◆ **What to work on**:
Start at the line in the entries below that contains "Gebe sınıfında anne", stop at the line that contains "2020 Buick EnvisionPlus", and output exactly the lines in that span, both ends included.
START Extracted data
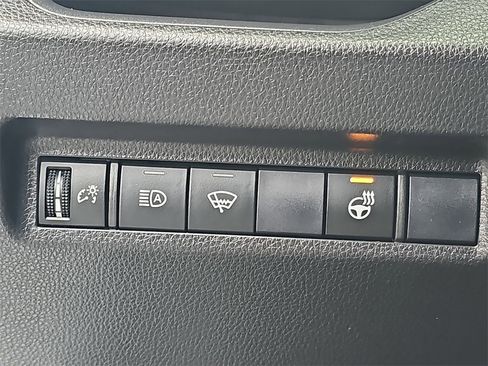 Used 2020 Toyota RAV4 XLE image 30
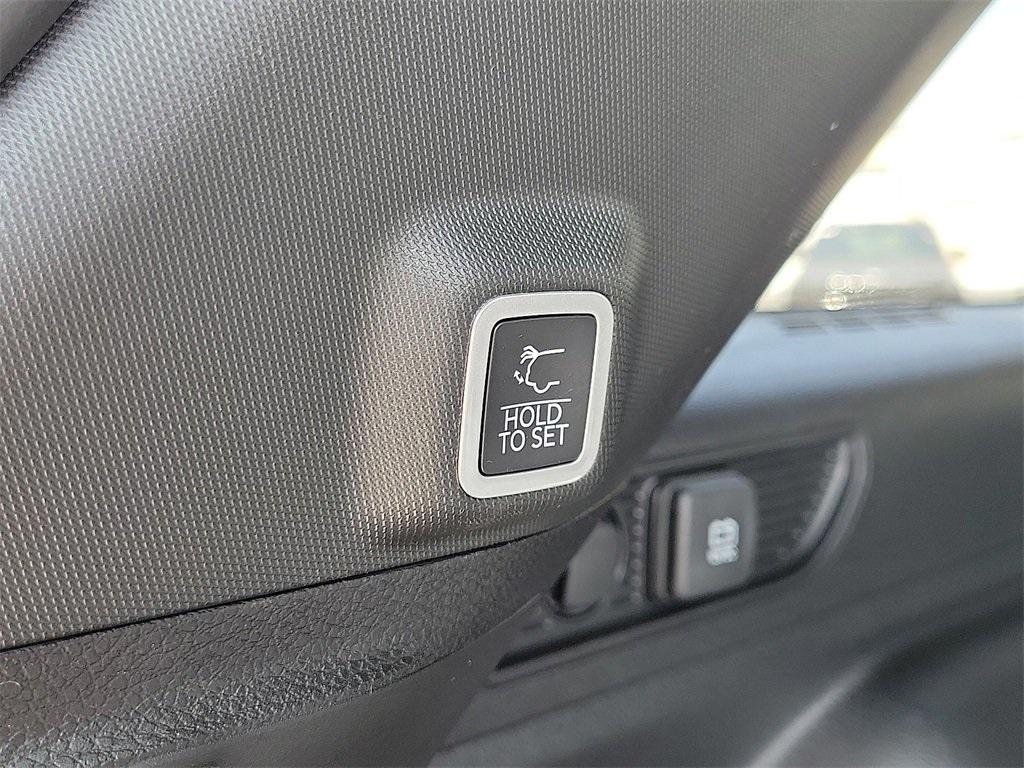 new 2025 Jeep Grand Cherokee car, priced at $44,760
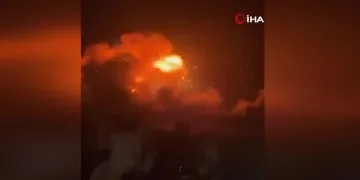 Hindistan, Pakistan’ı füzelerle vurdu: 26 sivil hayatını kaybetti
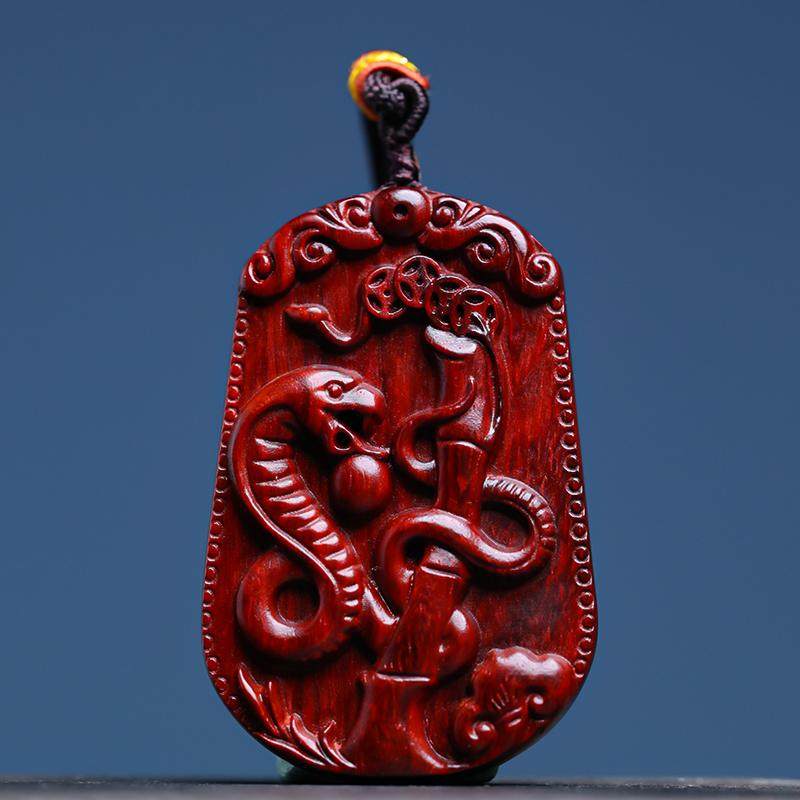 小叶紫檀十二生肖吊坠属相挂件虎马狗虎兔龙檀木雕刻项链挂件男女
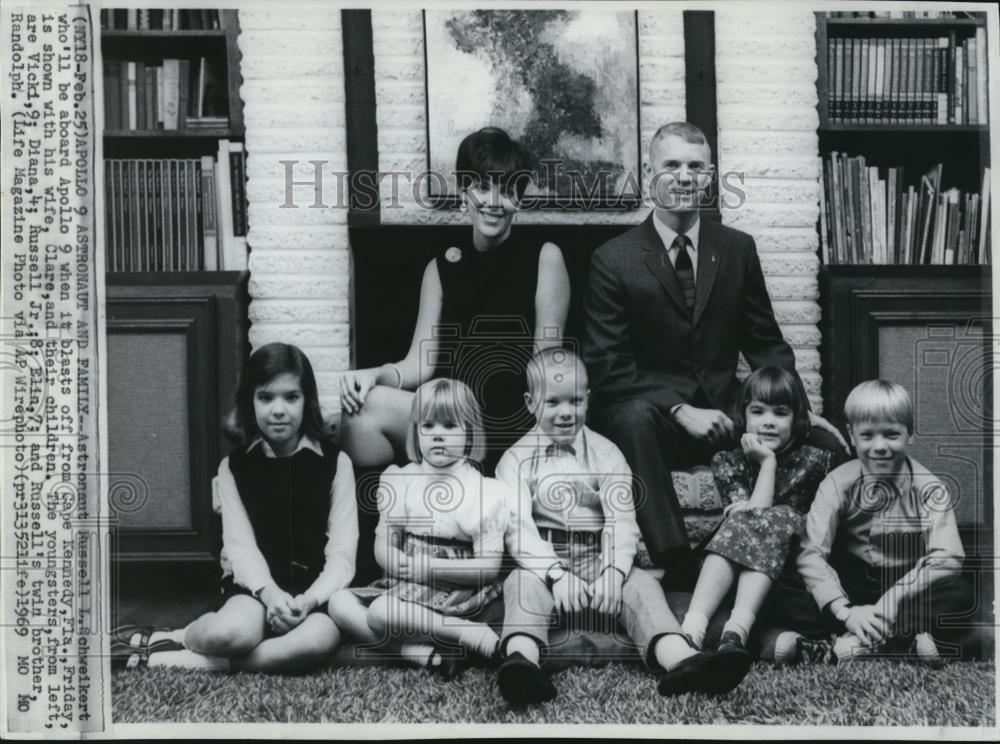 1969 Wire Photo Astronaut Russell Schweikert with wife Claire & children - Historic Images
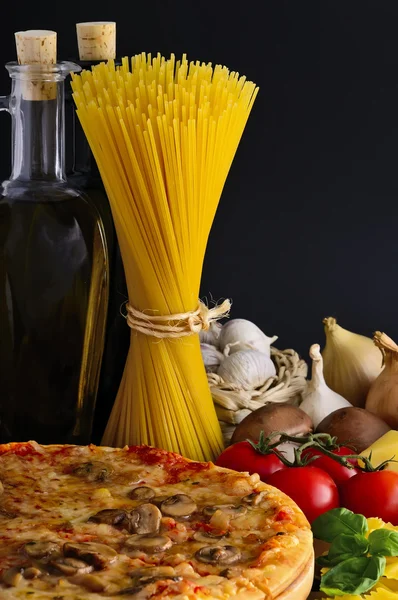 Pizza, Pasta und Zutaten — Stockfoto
END Extracted data
START Extracted data
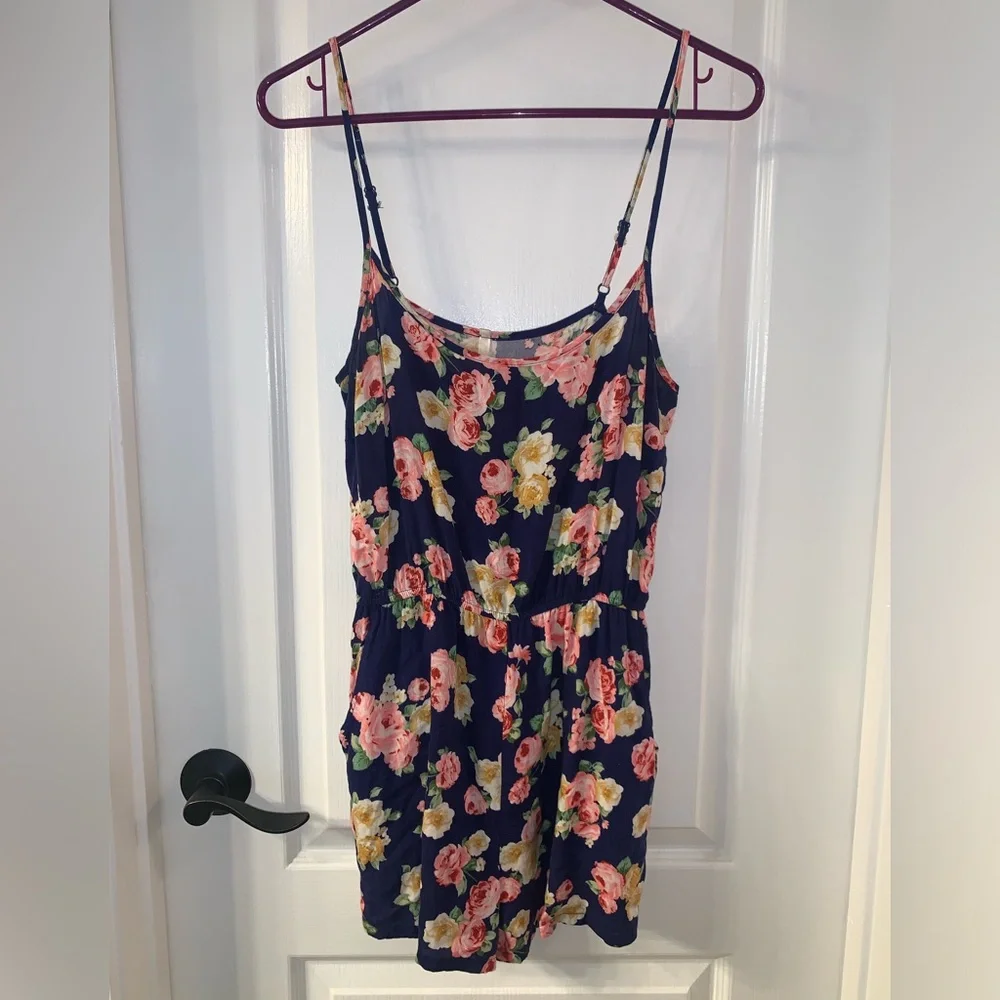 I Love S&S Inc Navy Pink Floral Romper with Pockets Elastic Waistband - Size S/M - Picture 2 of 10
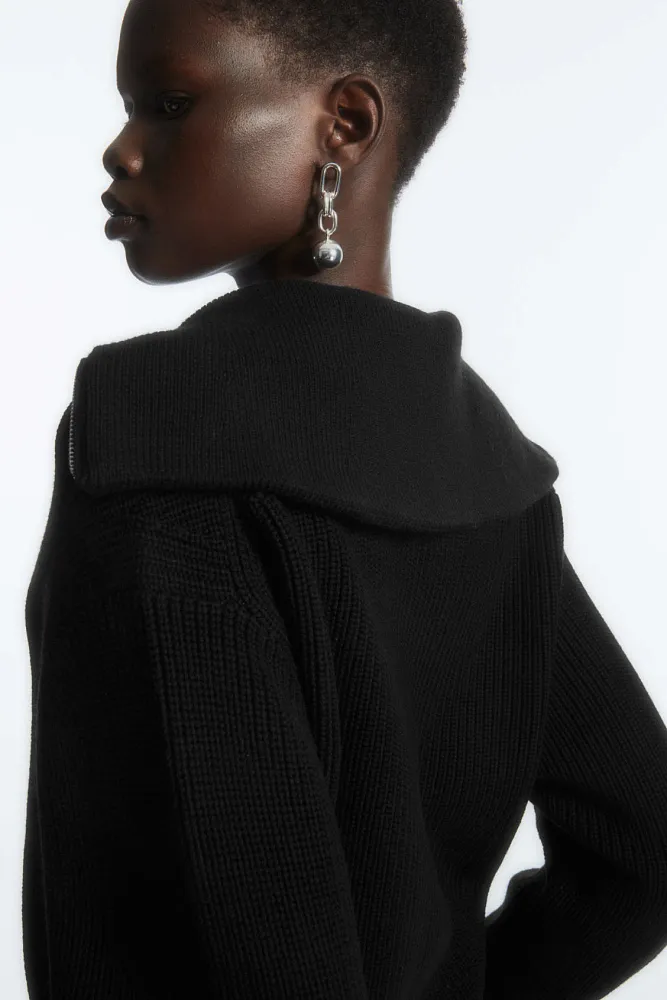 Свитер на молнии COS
END Extracted data
START Extracted data
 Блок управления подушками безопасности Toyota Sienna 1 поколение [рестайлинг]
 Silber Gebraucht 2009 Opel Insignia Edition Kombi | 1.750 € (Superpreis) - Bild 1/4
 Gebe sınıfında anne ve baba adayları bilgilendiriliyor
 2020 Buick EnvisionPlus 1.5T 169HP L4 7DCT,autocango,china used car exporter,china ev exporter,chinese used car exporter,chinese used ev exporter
END Extracted data
◆ **Answer for this exercise**:
 Gebe sınıfında anne ve baba adayları bilgilendiriliyor
 2020 Buick EnvisionPlus 1.5T 169HP L4 7DCT,autocango,china used car exporter,china ev exporter,chinese used car exporter,chinese used ev exporter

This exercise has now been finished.